Bateria
Akumulator to chyba pierwszy element tego smartfona, gdzie mogę mówić o lekkim rozczarowaniu. Co prawda bateria o pojemności 3080 mAh to w sumie taki standard, ale w przypadku tego producenta wydaje się krokiem wstecz, ponieważ jeszcze nie tak dawno Xiaomi upychało do mniejszych modeli ponad 4000 mAh (patrz Redmi 4). Do tego trzeba wziąć pod uwagę sporych rozmiarów wyświetlacz o rozdzielczości Full HD, który przekłada się na szybsze umykanie procentów z akumulatora.
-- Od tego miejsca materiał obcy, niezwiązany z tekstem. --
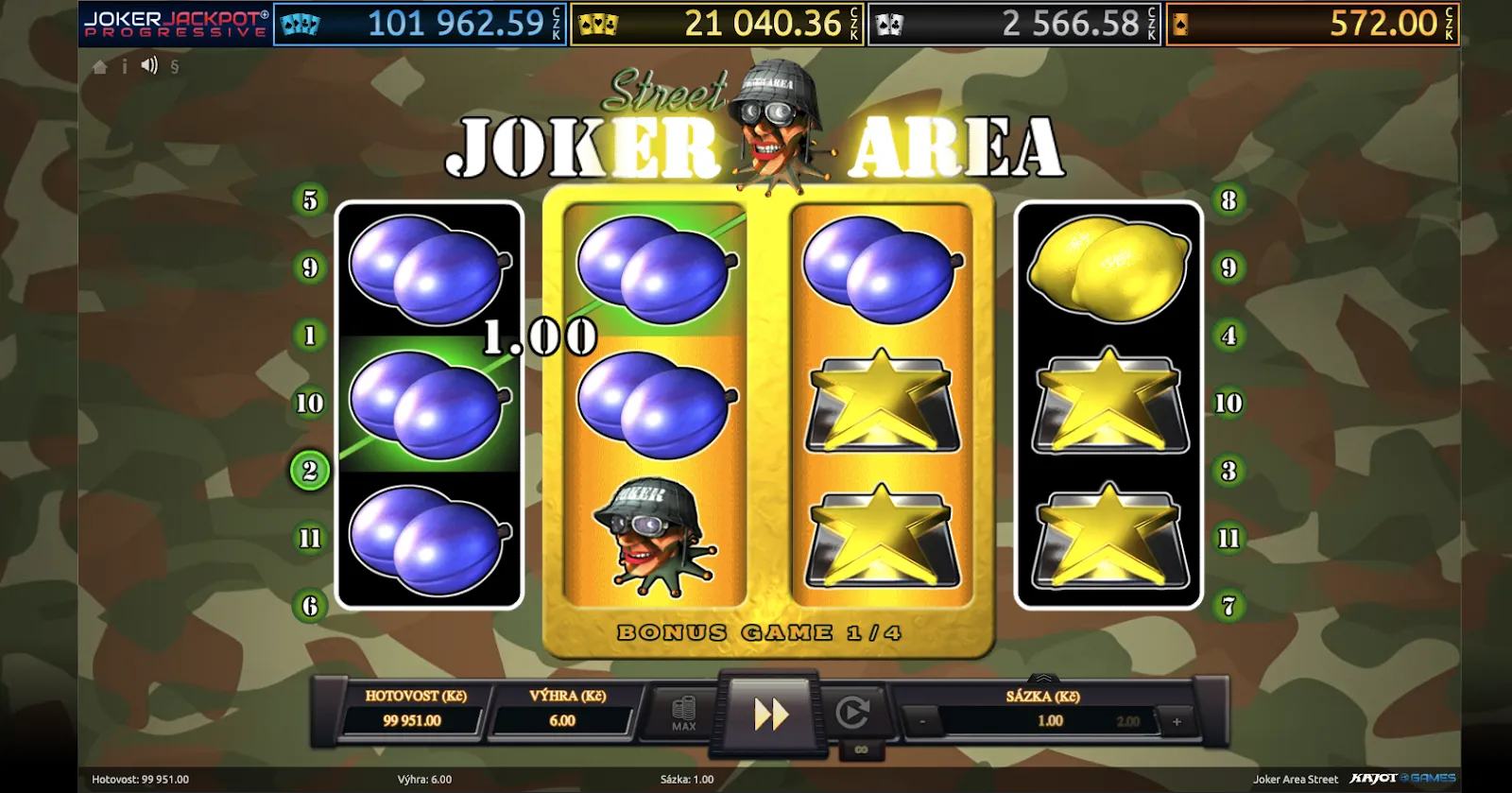 Joker Area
W gruncie rzeczy cały dzień pracy na jednym ładowaniu (jeśli będziemy bardziej oszczędni to nawet 1,5 do 2 dni) nie jest może złym wynikiem, ale oczekiwania w tym zakresie były zdecydowanie większe. Mnie udawało się wyciągnąć jakieś 5,5 godziny SoT (pracy na włączonym wyświetlaczu), gdzie korzystałem z LTE, Wi-Fi, słuchałem muzyki, oglądałem nieco filmów i przeglądałem Internet. Sytuację można było poprawić funkcją szybkiego ładowania i chociaż zastosowany Snapdragon wspiera taką technologię, to chiński producent nie zdecydował się na jej implementację (zupełnie niezrozumiały ruch), przez co pełne naładowanie baterii wymaga poświęcenia ok. 2 godzin.
Osprzęt i łączności
Przyszła pora przyjrzeć się kilku dodatkowym komponentom, które w mniejszym stopniu, ale wpływają na odbiór całości. I tak, czytnik linii papilarnych działa bez zarzutu, praktycznie zawsze identyfikując nasze odciski i choć może nie jest to najszybszy skaner, to nie można narzekać na ten aspekt. Poza tym czytnikowi możemy przypisać gest przesunięcia palca, który umożliwia wysunięcie paska powiadomień. Pochwalić trzeba także obsługę akcesoriów OTG. Pozytywnie wypadają też kwestie audio, ponieważ głośnik multimedialny gra dobrze - spodziewałem się tu typowego spłaszczonego i zniekształconego dźwięku, a tymczasem oferowana przez niego jakość jest naprawdę znośna (choć przydałoby się więcej basów), przez co oglądanie filmów przy jego udziale wypada naprawdę dobrze. Do muzyki rekomenduję jednak dobre słuchawki, tym bardziej, że gniazdo słuchawkowe także nie zawodzi i choć nie jest to poziom modeli z dedykowanymi DAC wysokiej klasy, to jednak powinien zadowolić większość użytkowników. Głośnik do rozmów także bardzo dobrze realizuje powierzone mu zadanie i nie sprawia żadnych problemów.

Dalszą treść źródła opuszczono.